Official Chinese data showed the world's second biggest economy grew at a 7.3 percent annual pace in the December quarter, its slowest pace of growth since 1990. That weighed on the New Zealand and Australian dollars, with both nations counting China as their biggest trading partner. Lower forecast global growth this year by the International Monetary Fund, with an expanding US economy one of the few advanced economies receiving an upgrade, added to pessimism.
China's GDP report "is the lowest they've had in 24 years, and there are continuing fears global growth is sliding down," said Stuart Ive, senior dealer foreign exchange at OMF in Wellington. "In terms of the kiwi, our performance against the US dollar will be a slow downward slide rather than a great fall."
OMF's Ive said the local currency has support at 76.80 US cents and faces resistance at 78.20 cents, with more downward pressure.
Traders are preparing for the European Central Bank meeting on Thursday in Brussels, where announcement of a major quantitative easing programme is expected, to help invigorate a moribund economy that's been hit by deflation. The prospect of a major money printing programme is seen as causing the Swiss National Bank to lift its cap on the Swiss franc against the euro, and the central bank of Denmark, which is also outside the eurozone, yesterday cut its key interest rate deeper into negative territory while retaining its euro peg.
The kiwi dropped to 66.63 euro cents at 5pm in Wellington from 67.41 cents yesterday.
New Zealand's economy is still seen outperforming its developed nation peers in 2015, with HSBC economists predicting annual growth of 3 percent this year, and the New Zealand Institute of Economic Research's quarterly survey of business opinion, seen as key data for the Reserve Bank, showed firms remained upbeat, though not confident enough to push up prices in a low inflation environment.
Government figures tomorrow are expected to show consumer prices rose an annual 0.9 percent in the December quarter, just below the central bank's 1-to-3 percent target band. The Reserve Bank will review the official cash rate next week.
Traders will also be watching Fonterra Cooperative Group's GlobalDairyTrade auction on Tuesday in the US for a gauge on New Zealand's major commodity export. Global diary prices roughly halved last year, and rose at the last auction amid reduced supply.

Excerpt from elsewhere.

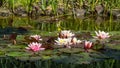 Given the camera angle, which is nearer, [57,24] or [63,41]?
[63,41]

The local currency declined to 94.47 Australian cents from 94.92 cents yesterday, and fell to 4.7950 Chinese yuan from 4.8444 yuan yesterday. It dropped to 51.19 British pence from 51.47 pence, and was little changed at 91.20 yen from 91.27 yen.
The two-year swap rate declined to 3.72 from 3.74 at 5pm in Wellington yesterday, and the 10-year swap rate was unchanged at 3.7875.